Hayes showed clips of McConnell talking about voting rights legislation and clips of literal white supremacist segregationists, like Senator Strom Thurmond (photo, right) and Senator James Eastland (photo, left) – all saying the same thing, all giving the same reasons why they don’t support legislation to protect the right to vote, namely, they all claimed, falsely, that it’s “unnecessary.”
“It has been against the law to discriminate on the basis of race in voting since 1870,” Hayes reminded viewers, “when the 15th Amendment was ratified, saying, quote, ‘the right of citizens of the United States to vote, shall not be denied or abridged by the United States or by any state, on account of race, color, or previous condition of servitude.’ It says it right there in black and white in the US Constitution. Says that you cannot racially discriminate in voting.”

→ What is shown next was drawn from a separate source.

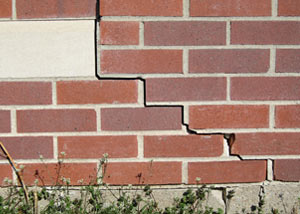 a foundation wall crack on a Cottonwood home.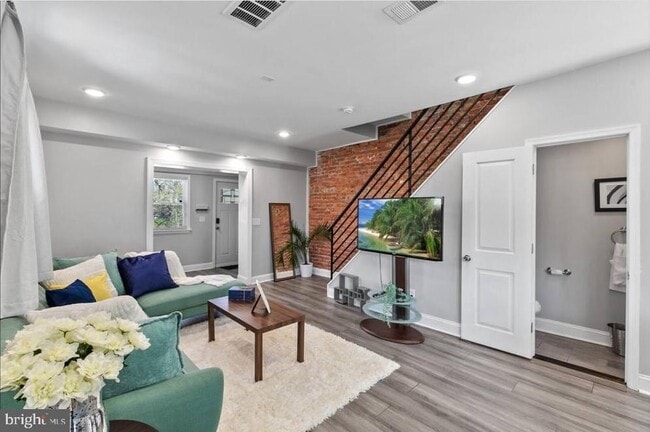 Photo - 1449 S 32nd St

“And so you can imagine a version of Mitch McConnell in, I don’t know, 1920 Kentucky saying literally the exact same statement: ‘Oh, well why would we need a law to enforce voting rights, it’s already illegal,’ or, say, avowed segregationist Senator Strom Thurmond, in the middle of filibustering the 1957 Civil Rights Act, saying, quote, ‘There are mainly three reasons why I feel, feel the bill should not be passed. The first is that it is unnecessary. Every state has enacted some legislative version, making it unlawful to intimidate a voter or to hinder him in the exercise of his voting rights penalties have been provided for such violation.'”
“We don’t need new laws to protect the right to vote, certainly not to protect against discrimination or race those already exists in the Constitution,” Hayes said, mocking Thurmond.
“Those were the type of arguments segregationists made, Jim Crow authoritarians decade after decade after decade after decade in this country. As they flogged multiracial democracy to death, underneath the table as they gave those speeches. ‘We are not discriminating, the law says we can’t. Anyone can vote.'”
“This is how Senator James Eastland a Mississippi notorious segregationist, the ‘voice to the white South,’ put it to Mike Wallace,” Hayes told viewers.
“Well, we have no voting qualifications, based on race,” Eastland told Wallace. “We, not at all, and anybody who’s qualified can vote,”
Mocking him, Hayes said: “Mississippi Senator. 1957. ‘We have no voting qualifications based on race, of course, why would we? It’s in the Constitution, we can’t.’ The Constitution, ratified in 1870. When Mississippi was under federal occupation. They’re all saying the same thing. Thurman, James Eastland and well, Mitch McConnell, 64 years later.”